I have created a custom fish tank and have used the FastLED library to create a lava flow effect

EDIT

You can see it in action here:

Final working Code

#include <FastLED.h>

#define LED_PIN 2

#define COLOR_ORDER GRB

#define CHIPSET WS2811

#define NUM_LEDS 16

#define SPARKING 80 // was 120

#define COOLING  30 // was 55

#define BRIGHTNESS 200

#define FRAMES_PER_SECOND 28 //was 30


boolean currentlyShowing = false;
uint32_t start=0;
uint32_t timeout=0;

bool gReverseDirection = false;

CRGBPalette16 gPal;


CRGB leds[NUM_LEDS];





void setup() {

  delay(3000); // sanity delay

  FastLED.addLeds<CHIPSET, LED_PIN, COLOR_ORDER>(leds, NUM_LEDS).setCorrection( TypicalLEDStrip );

  FastLED.setBrightness( BRIGHTNESS );
  
}




static byte heat[NUM_LEDS];

 
void Fire2012WithPalette()

{


gPal = CRGBPalette16( CRGB::Red, CRGB::Orange, CRGB::Yellow);
// Array of temperature readings at each simulation cell

  static byte heat[NUM_LEDS];

 

  // Step 1.  Cool down every cell a little

    for( int i = 0; i < NUM_LEDS; i++) {

      heat[i] = qsub8( heat[i],  random8(0, ((COOLING * 10) / NUM_LEDS) + 2));

    }

 

    // Step 2.  Heat from each cell drifts 'up' and diffuses a little

    for( int k= NUM_LEDS - 1; k >= 2; k--) {

      heat[k] = (heat[k - 1] + heat[k - 2] + heat[k - 2] ) / 3;

    }

   

    // Step 3.  Randomly ignite new 'sparks' of heat near the bottom

    if( random8() < SPARKING ) {

      int y = random8(7);

      heat[y] = qadd8( heat[y], random8(160,255) );

    }

 

    // Step 4.  Map from heat cells to LED colors

    for( int j = 0; j < NUM_LEDS; j++) {

      // Scale the heat value from 0-255 down to 0-240

      // for best results with color palettes.

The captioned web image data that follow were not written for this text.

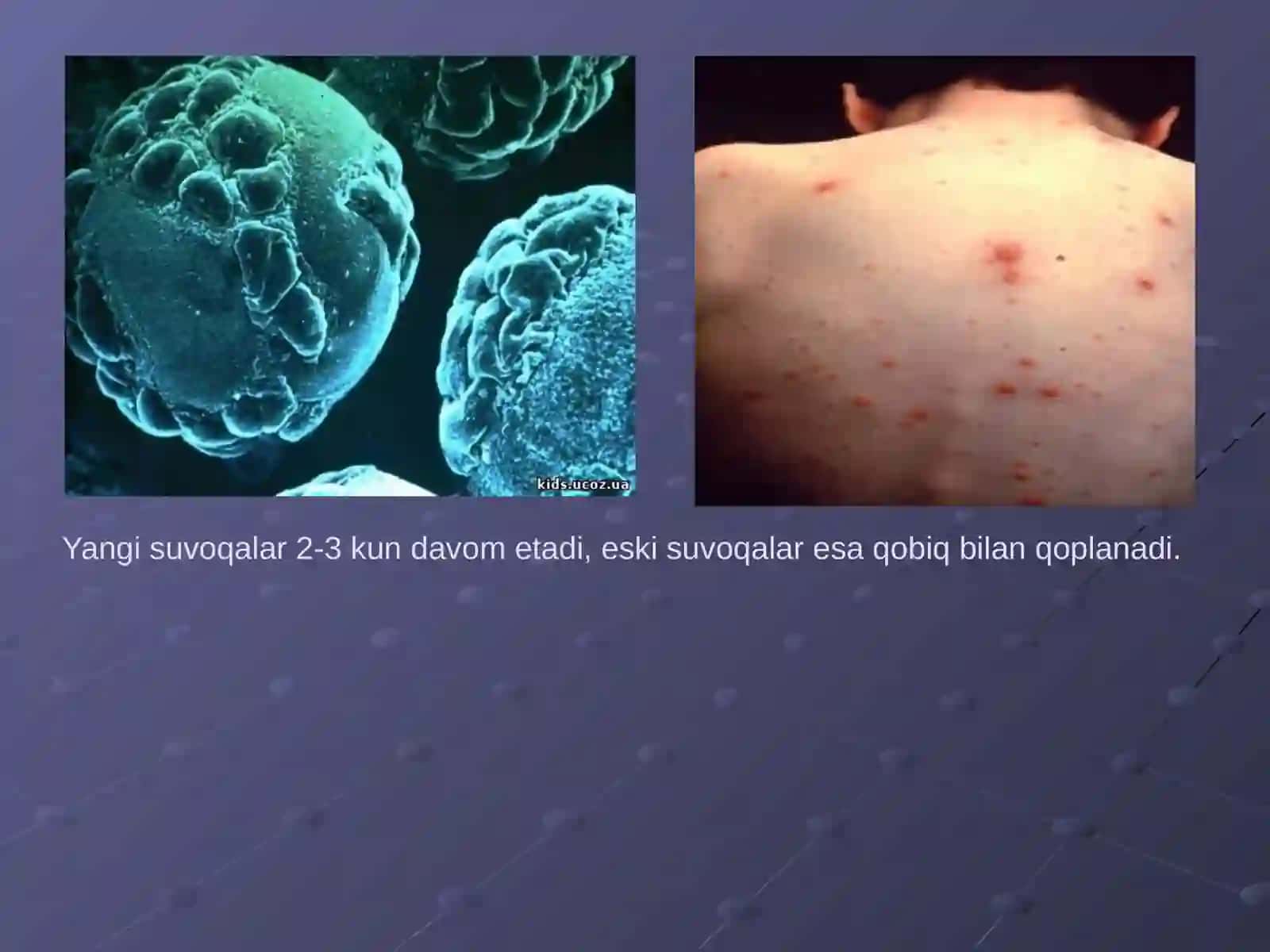 Suvchechak kasalligi va klinik belgilari 2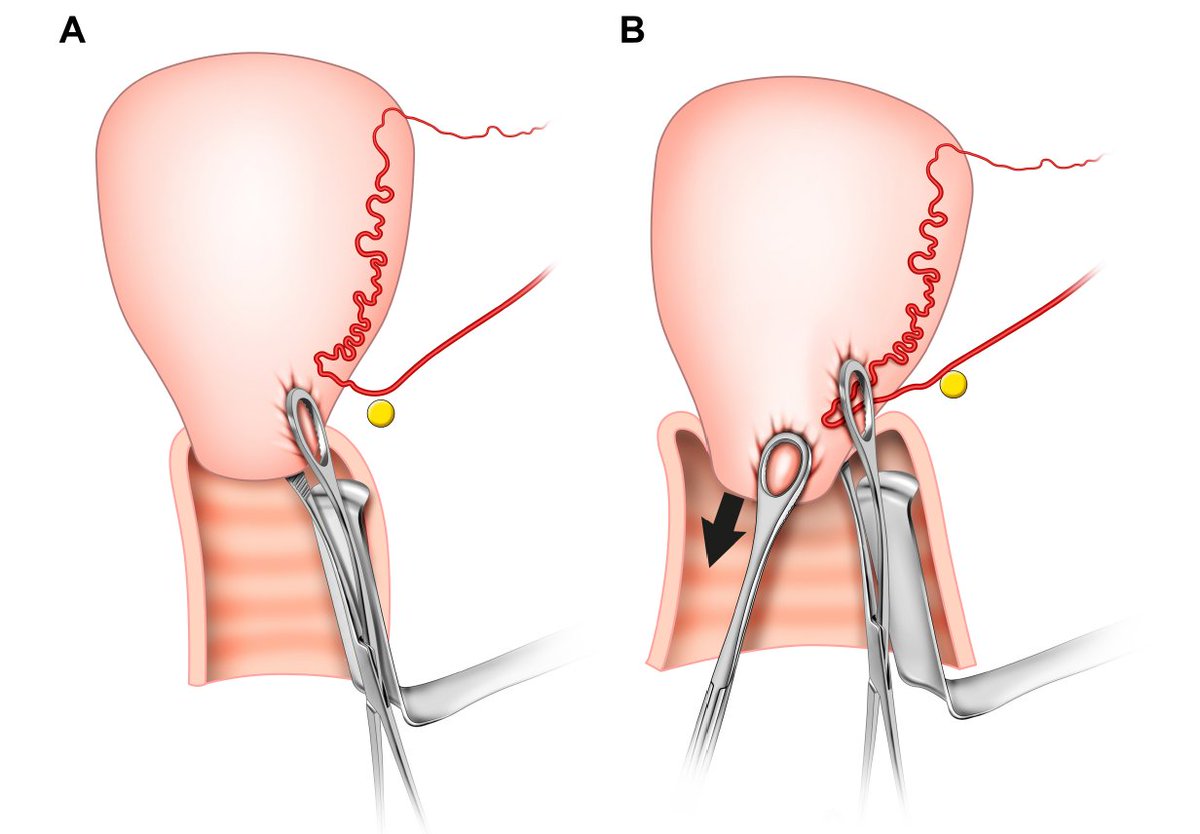 AJOG Surgeons Corner:  Vaginal Clamping of Uterine Arteries: A Temporary Intervention to Stop Bleeding in Postpartum Hemorrhage ow.ly/2CwO50WoKEy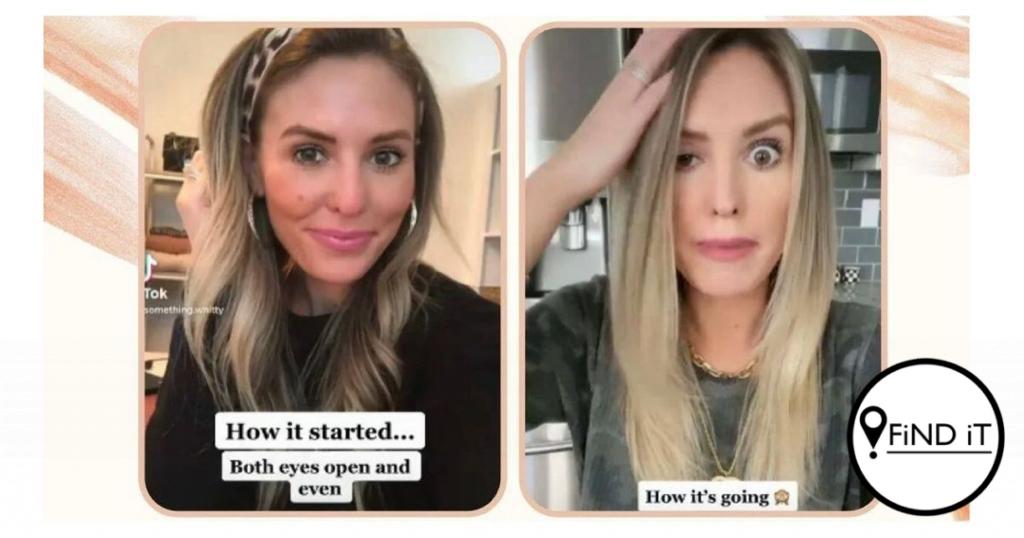 Botox-nagmerrie - dit kos net een inspuiting in die verkeerde plek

      byte colorindex = scale8( heat[j], 240);

      CRGB color = ColorFromPalette( gPal, colorindex);

      int pixelnumber;

      if( gReverseDirection ) {

        pixelnumber = (NUM_LEDS-1) - j;

      } else {

        pixelnumber = j;

      }

      leds[pixelnumber] = color;

    }

}


void loop() {
  if(millis() - start >= timeout) {
    if(currentlyShowing) {
      currentlyShowing = false;
      FastLED.clear(true);
      start = millis();
      timeout = random(1000L * 60L * 5, 1000L * 60L * 10); // pretty sure random does longs
      //timeout = random(1000L *  5, 1000L * 10);// for testing
    }
    else {
      currentlyShowing = true;
      Fire2012WithPalette(); // your code, here
      start = millis();
      timeout = 1000L * 60L * 2; // 2 minutes
      //timeout = 1000L * 5; // for testing

    }
  }

  if(currentlyShowing) {
    Fire2012WithPalette(); // run simulation frame, using palette colors
    FastLED.show(); // display this frame
    FastLED.delay(1000 / FRAMES_PER_SECOND);

  }
}

Doing this on every loop:

random16_add_entropy( random());

Doesn't add any entropy at all.

So you want it to shut off completely after ~2 minutes? Then spring to life again at ~2 minutes later? The 'shutdown' effect is going to be more important visually than the actual times. Make it exactly 2 minutes for now and concentrate on making it look good. At some point it's going to have to stop generating new drips of 'lava' and allow the current ones to cool to black.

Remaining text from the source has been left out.